### DATA SUPPLIED

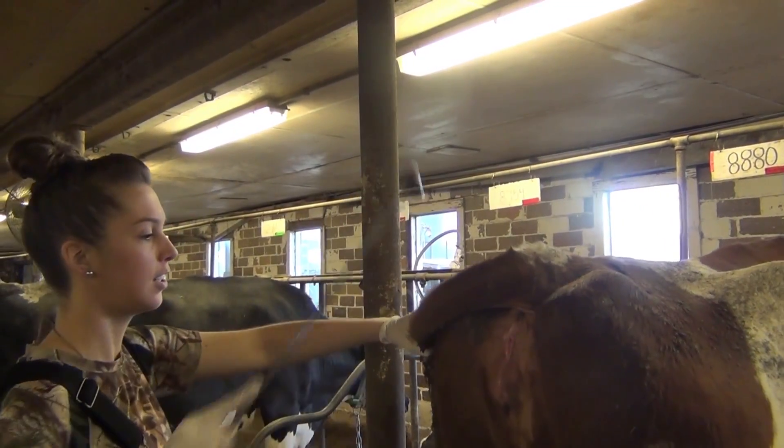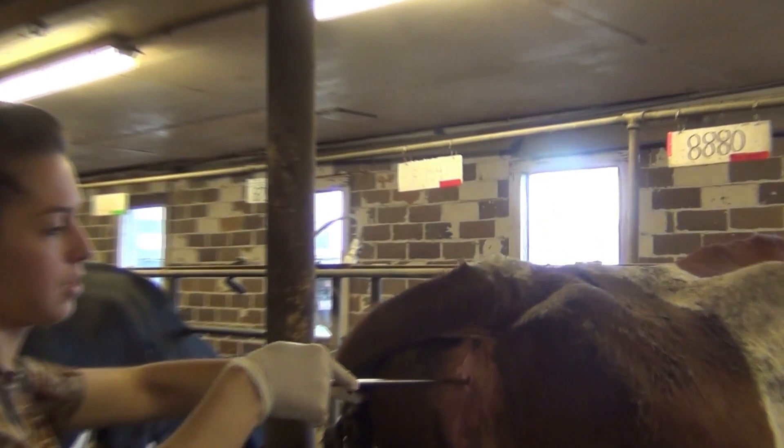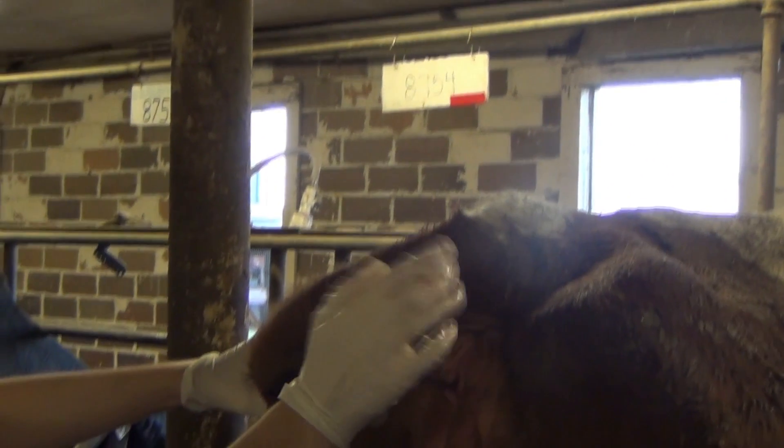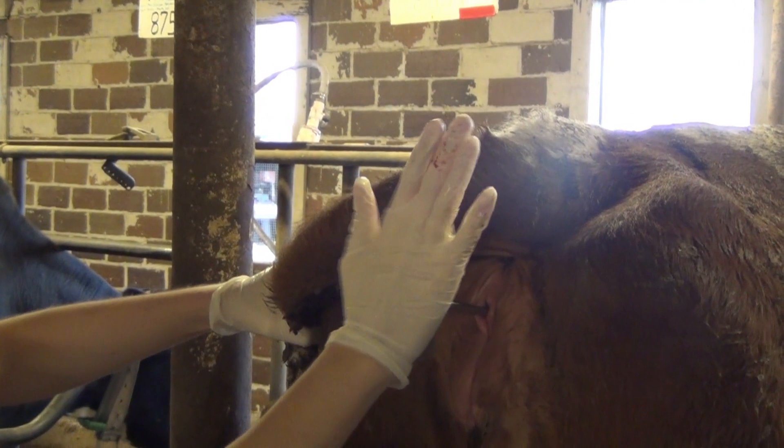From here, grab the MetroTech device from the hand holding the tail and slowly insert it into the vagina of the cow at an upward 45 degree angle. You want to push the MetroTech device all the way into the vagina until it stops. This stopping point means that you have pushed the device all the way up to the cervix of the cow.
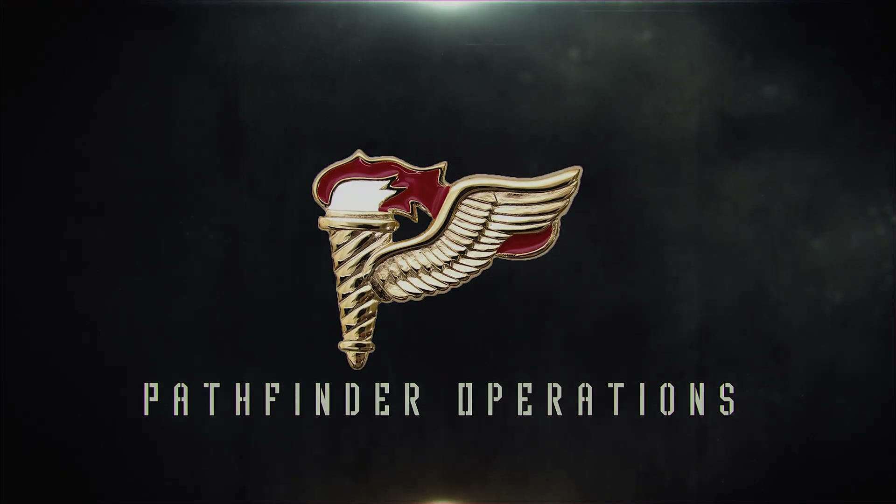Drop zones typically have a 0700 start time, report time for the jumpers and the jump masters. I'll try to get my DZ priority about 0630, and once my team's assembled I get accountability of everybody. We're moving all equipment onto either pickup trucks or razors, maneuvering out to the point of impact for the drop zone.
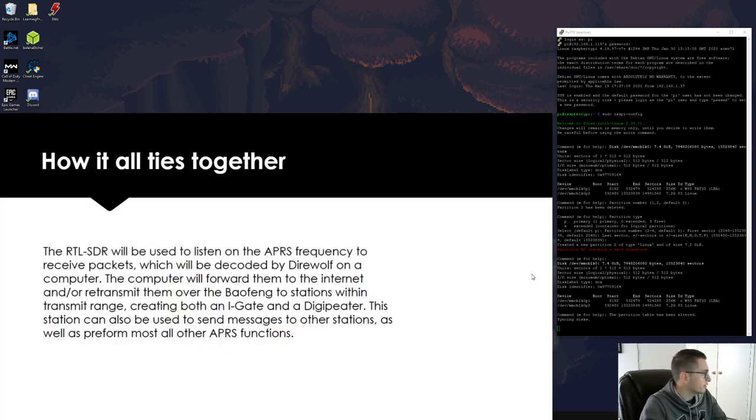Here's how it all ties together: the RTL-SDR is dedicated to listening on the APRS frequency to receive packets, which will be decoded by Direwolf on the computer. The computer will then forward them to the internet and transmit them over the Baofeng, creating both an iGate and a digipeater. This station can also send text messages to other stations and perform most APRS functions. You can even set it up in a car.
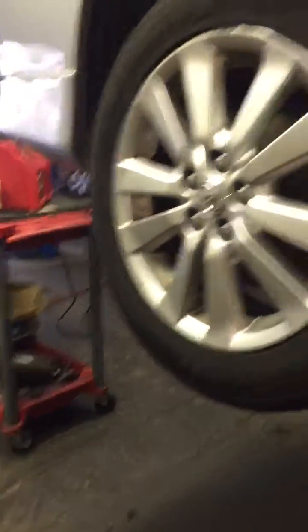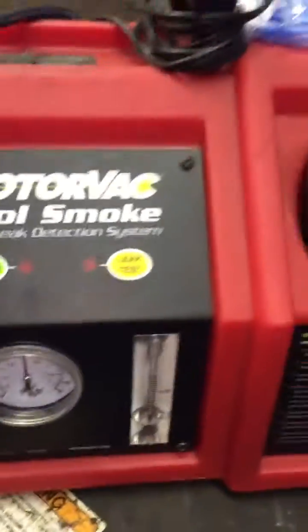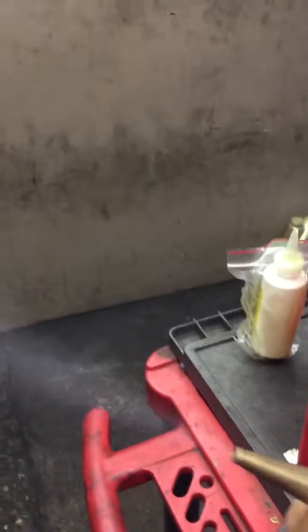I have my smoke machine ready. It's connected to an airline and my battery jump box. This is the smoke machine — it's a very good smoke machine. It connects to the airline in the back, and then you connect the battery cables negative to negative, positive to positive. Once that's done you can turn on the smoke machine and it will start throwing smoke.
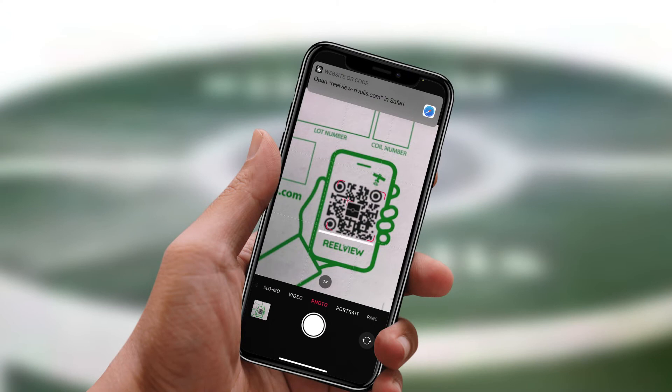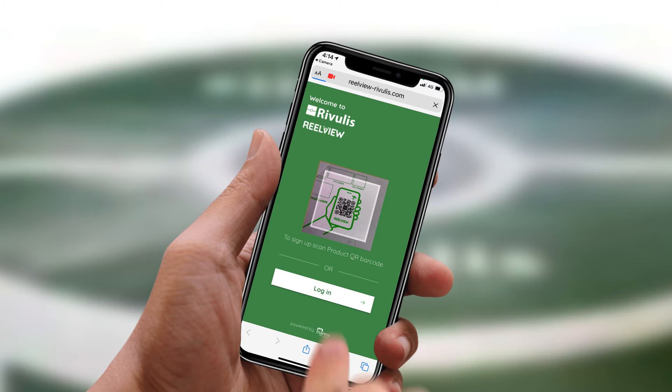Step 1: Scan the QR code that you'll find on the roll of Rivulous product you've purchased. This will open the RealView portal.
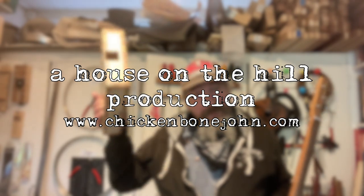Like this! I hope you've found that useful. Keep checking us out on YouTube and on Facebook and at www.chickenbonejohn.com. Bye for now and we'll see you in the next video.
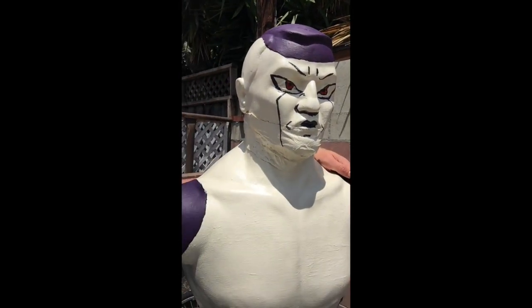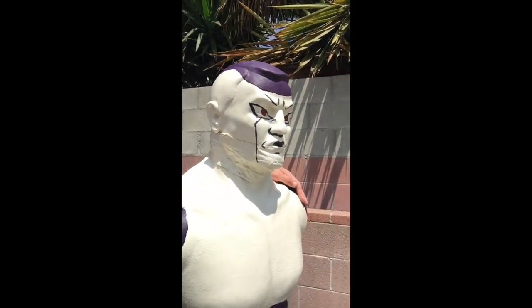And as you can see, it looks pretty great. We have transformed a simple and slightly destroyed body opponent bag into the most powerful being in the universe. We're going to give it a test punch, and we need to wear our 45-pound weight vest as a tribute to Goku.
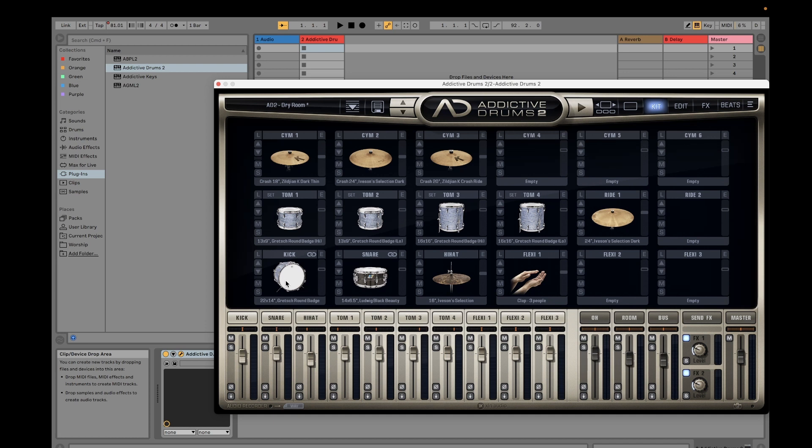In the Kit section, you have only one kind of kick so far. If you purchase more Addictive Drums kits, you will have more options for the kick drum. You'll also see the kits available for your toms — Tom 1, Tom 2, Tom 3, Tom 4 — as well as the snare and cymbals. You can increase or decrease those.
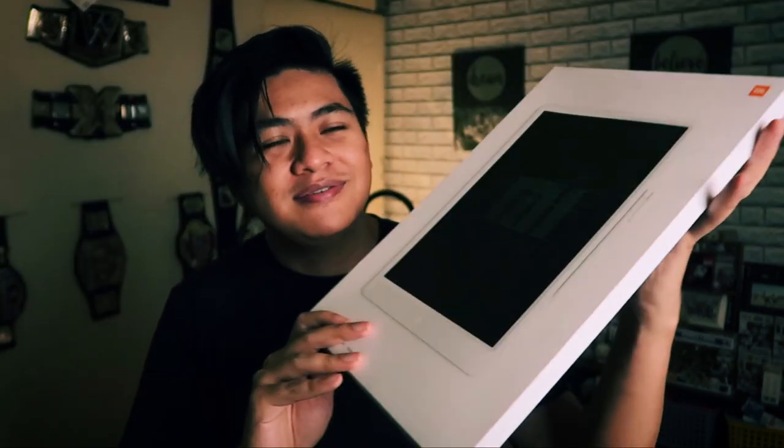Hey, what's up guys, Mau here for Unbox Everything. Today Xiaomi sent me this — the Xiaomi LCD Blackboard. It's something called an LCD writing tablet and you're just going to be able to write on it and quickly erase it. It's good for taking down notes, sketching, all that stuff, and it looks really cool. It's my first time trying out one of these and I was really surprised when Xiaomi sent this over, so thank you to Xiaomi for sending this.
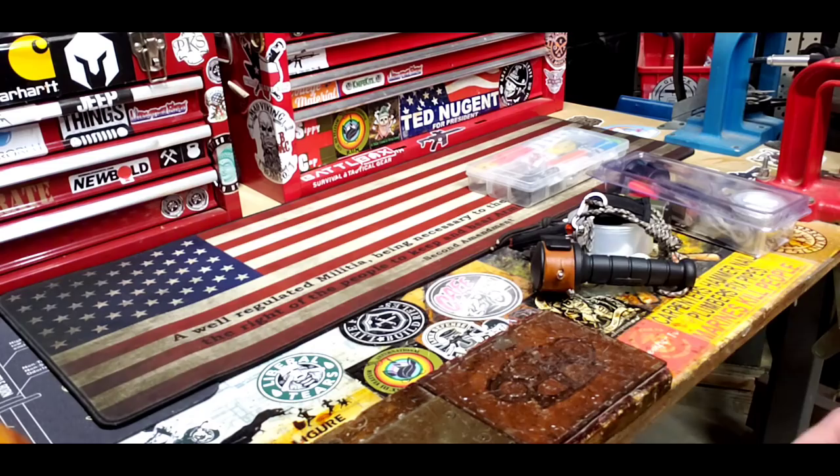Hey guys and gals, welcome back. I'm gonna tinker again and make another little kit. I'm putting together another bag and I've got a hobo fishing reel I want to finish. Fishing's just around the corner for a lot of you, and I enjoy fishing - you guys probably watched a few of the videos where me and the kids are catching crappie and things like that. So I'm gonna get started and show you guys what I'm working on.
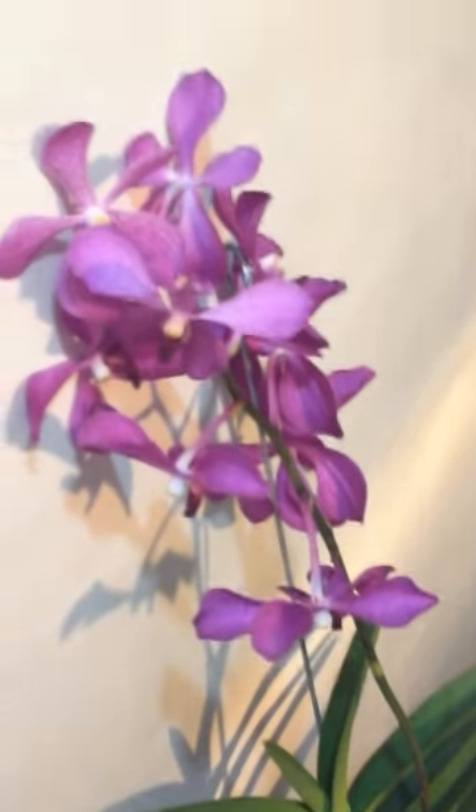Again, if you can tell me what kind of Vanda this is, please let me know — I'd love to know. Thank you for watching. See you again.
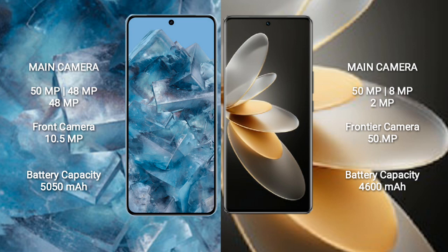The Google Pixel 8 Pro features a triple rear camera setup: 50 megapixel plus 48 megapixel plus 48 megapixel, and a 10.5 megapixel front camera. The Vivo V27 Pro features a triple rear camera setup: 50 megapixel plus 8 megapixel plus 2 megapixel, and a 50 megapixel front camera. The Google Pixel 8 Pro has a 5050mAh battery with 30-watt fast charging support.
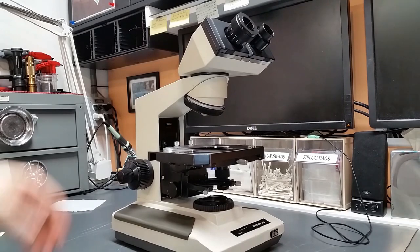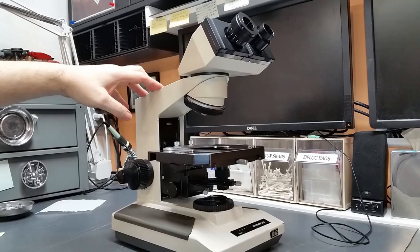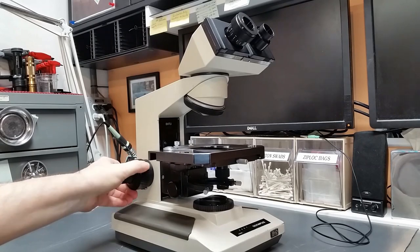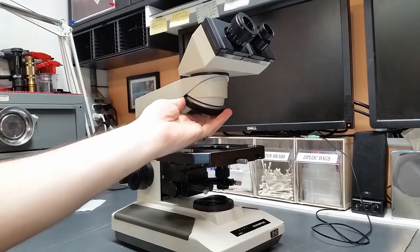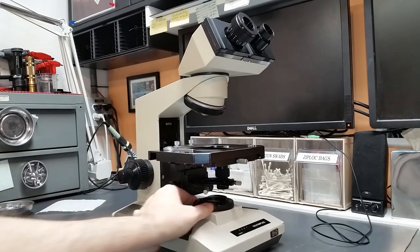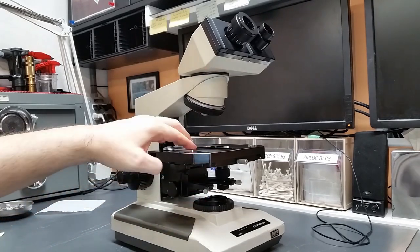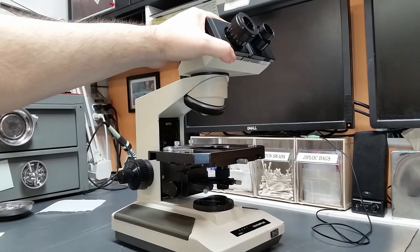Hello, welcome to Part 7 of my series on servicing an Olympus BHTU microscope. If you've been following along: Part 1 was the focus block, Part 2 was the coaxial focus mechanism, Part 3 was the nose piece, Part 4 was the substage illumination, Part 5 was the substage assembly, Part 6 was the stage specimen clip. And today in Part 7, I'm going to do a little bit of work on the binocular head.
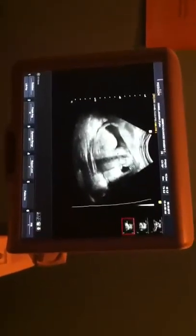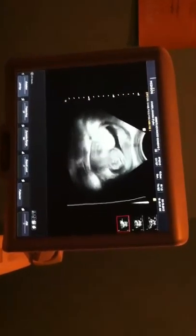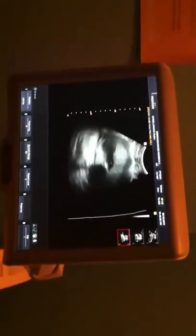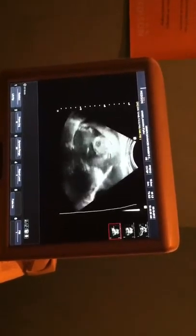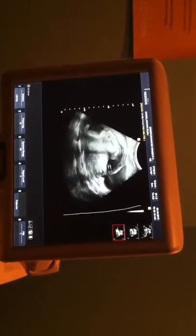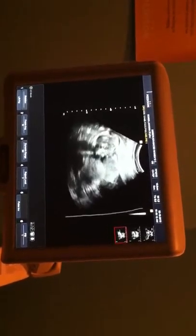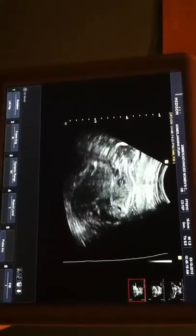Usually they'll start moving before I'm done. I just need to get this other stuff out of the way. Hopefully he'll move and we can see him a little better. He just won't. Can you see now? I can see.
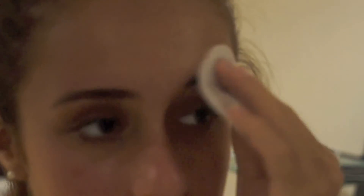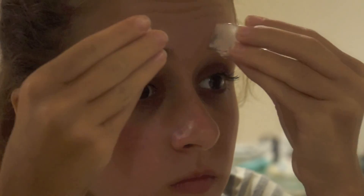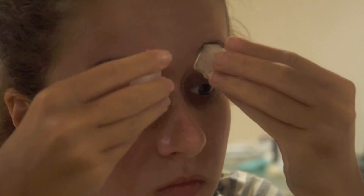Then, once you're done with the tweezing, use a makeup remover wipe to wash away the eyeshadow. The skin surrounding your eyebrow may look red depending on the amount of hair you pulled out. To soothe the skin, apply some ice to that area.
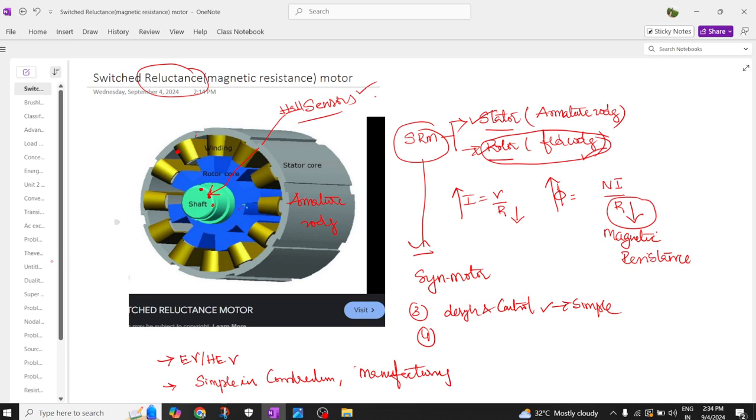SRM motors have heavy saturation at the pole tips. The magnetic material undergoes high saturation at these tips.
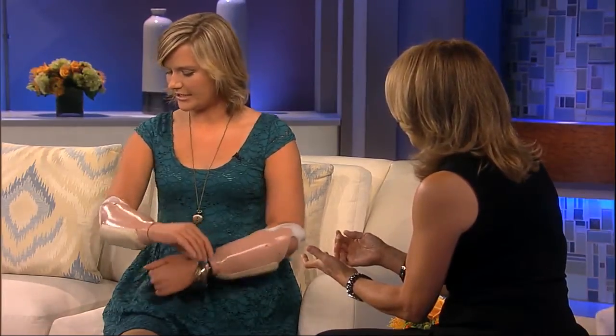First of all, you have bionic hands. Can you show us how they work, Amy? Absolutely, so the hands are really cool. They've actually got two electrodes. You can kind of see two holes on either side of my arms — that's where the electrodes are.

### WORK REQUIRED
What is needed is an exact copy of the lines above, from the one holding "I have my smoke" down to the one holding "Again, if you", with those two included and the pictures left out.

### OUTPUT
I have my smoke machine ready. It's connected to an airline and my battery jump box. This is the smoke machine — it's a very good smoke machine. It connects to the airline in the back, and then you connect the battery cables negative to negative, positive to positive. Once that's done you can turn on the smoke machine and it will start throwing smoke.
Step 1: Scan the QR code that you'll find on the roll of Rivulous product you've purchased. This will open the RealView portal.
Like this! I hope you've found that useful. Keep checking us out on YouTube and on Facebook and at www.chickenbonejohn.com. Bye for now and we'll see you in the next video.
And as you can see, it looks pretty great. We have transformed a simple and slightly destroyed body opponent bag into the most powerful being in the universe. We're going to give it a test punch, and we need to wear our 45-pound weight vest as a tribute to Goku.
In the Kit section, you have only one kind of kick so far. If you purchase more Addictive Drums kits, you will have more options for the kick drum. You'll also see the kits available for your toms — Tom 1, Tom 2, Tom 3, Tom 4 — as well as the snare and cymbals. You can increase or decrease those.
Hey, what's up guys, Mau here for Unbox Everything. Today Xiaomi sent me this — the Xiaomi LCD Blackboard. It's something called an LCD writing tablet and you're just going to be able to write on it and quickly erase it. It's good for taking down notes, sketching, all that stuff, and it looks really cool. It's my first time trying out one of these and I was really surprised when Xiaomi sent this over, so thank you to Xiaomi for sending this.
Hey guys and gals, welcome back. I'm gonna tinker again and make another little kit. I'm putting together another bag and I've got a hobo fishing reel I want to finish. Fishing's just around the corner for a lot of you, and I enjoy fishing - you guys probably watched a few of the videos where me and the kids are catching crappie and things like that. So I'm gonna get started and show you guys what I'm working on.
Again, if you can tell me what kind of Vanda this is, please let me know — I'd love to know. Thank you for watching. See you again.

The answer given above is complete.